-- Supplied information follows --

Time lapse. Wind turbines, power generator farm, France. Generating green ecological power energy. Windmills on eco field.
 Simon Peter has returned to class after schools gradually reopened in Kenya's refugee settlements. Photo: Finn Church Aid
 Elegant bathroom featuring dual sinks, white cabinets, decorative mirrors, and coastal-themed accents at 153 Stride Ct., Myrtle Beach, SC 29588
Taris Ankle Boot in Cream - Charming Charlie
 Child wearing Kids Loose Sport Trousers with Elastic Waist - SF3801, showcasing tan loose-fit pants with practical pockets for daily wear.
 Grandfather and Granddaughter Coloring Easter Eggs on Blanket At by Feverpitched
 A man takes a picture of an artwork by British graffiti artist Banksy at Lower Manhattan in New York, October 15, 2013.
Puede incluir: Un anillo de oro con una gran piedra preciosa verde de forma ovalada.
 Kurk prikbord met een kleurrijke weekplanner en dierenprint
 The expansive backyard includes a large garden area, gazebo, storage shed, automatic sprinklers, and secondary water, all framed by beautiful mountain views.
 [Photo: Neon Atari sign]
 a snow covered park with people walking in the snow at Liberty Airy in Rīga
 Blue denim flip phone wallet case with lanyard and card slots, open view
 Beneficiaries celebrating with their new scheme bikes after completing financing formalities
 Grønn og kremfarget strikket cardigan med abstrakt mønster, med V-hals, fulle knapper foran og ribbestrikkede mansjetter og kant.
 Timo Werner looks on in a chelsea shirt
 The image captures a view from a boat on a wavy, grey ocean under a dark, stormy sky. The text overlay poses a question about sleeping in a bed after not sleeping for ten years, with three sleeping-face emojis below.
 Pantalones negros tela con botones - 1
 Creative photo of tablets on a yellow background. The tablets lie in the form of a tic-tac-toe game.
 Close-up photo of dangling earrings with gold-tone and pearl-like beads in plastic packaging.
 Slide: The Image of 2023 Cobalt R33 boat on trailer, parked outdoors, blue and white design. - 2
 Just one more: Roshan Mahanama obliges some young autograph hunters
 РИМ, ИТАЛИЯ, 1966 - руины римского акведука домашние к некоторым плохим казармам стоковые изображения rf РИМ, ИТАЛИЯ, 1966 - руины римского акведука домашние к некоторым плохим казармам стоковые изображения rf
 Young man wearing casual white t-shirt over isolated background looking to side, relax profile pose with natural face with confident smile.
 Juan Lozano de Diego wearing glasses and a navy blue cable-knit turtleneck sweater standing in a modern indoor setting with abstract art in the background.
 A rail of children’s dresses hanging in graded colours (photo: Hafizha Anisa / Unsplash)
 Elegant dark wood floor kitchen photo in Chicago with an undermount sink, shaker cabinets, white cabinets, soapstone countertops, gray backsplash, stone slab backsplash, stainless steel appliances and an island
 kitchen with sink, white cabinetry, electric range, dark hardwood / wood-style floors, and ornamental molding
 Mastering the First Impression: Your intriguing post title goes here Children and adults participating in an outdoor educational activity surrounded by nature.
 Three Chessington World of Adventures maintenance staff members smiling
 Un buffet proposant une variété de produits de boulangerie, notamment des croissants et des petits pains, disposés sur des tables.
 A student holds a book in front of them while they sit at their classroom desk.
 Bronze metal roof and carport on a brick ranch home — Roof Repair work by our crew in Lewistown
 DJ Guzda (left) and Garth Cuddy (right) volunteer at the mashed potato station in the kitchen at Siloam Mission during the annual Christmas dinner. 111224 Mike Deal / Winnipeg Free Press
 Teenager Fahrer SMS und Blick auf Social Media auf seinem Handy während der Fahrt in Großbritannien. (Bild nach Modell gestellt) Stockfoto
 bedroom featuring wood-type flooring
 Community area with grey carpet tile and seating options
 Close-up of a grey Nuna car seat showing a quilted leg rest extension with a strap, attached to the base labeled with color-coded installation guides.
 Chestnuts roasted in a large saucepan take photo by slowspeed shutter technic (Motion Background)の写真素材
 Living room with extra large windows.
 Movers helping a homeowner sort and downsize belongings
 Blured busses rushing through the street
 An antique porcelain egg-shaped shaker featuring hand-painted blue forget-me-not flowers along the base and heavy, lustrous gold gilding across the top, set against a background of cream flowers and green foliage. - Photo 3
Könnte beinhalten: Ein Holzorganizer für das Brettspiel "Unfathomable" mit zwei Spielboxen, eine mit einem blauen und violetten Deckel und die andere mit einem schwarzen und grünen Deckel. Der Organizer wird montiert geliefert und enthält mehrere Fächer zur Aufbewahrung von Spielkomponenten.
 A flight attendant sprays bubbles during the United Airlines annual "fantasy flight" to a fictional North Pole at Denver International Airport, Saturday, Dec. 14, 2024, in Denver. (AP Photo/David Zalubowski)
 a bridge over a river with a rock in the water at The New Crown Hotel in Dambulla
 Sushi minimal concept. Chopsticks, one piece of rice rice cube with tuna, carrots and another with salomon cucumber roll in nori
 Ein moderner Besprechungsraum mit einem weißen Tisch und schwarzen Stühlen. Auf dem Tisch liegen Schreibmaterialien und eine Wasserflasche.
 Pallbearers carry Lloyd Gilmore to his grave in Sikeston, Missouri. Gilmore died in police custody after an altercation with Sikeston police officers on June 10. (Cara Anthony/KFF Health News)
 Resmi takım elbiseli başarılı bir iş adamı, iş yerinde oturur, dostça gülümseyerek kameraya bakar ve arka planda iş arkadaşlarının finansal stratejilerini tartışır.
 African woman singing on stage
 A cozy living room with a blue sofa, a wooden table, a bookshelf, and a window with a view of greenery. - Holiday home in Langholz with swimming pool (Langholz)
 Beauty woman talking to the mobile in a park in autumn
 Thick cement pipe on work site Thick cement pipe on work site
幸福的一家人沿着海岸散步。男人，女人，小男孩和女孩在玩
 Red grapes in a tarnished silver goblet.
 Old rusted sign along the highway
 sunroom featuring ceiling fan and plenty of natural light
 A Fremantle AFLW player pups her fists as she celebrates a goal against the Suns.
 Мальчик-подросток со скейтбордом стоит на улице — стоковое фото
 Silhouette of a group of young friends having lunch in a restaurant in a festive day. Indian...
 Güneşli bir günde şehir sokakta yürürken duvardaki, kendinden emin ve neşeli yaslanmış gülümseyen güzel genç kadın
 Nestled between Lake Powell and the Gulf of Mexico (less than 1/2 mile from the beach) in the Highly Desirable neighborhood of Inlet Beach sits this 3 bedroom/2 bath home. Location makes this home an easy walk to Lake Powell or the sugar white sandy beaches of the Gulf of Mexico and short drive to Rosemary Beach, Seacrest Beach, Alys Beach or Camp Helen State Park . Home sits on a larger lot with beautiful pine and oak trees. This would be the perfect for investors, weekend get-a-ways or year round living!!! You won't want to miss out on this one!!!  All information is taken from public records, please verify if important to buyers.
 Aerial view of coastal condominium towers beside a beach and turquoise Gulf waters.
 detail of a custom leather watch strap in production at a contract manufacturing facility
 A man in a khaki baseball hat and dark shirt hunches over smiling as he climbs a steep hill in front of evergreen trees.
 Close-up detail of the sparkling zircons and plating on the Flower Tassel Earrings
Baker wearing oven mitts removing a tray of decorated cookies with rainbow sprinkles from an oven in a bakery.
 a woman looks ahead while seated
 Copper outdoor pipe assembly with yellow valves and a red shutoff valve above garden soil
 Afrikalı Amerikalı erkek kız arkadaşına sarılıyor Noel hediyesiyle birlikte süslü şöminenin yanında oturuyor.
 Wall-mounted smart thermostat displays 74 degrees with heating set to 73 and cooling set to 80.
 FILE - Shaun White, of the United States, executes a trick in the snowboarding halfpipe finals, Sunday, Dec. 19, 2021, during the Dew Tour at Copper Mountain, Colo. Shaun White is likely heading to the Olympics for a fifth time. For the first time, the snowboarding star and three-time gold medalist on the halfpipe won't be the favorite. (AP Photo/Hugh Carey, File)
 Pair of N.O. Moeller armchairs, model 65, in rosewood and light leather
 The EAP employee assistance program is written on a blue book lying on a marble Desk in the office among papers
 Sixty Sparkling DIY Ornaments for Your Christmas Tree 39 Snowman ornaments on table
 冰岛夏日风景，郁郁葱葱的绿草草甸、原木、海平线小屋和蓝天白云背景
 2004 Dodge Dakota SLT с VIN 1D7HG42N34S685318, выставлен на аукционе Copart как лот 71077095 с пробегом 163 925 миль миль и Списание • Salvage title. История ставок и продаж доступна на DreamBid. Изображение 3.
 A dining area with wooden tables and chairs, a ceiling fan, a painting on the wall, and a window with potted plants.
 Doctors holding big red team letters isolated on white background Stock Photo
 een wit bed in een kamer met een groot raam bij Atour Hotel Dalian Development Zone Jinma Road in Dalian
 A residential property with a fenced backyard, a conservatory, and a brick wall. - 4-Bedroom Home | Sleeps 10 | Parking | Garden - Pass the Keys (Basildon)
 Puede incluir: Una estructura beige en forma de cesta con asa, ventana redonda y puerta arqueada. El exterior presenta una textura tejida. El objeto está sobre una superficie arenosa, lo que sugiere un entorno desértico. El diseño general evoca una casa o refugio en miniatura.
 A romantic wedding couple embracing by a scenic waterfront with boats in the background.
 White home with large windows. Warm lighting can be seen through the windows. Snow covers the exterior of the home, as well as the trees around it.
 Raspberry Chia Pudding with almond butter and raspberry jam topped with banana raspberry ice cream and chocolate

-- Supplied information concluded --

● Description of the task:
Copy out each line of the records that holds the string "detail".

● Exercise response:
 detail of a custom leather watch strap in production at a contract manufacturing facility
 Close-up detail of the sparkling zircons and plating on the Flower Tassel Earrings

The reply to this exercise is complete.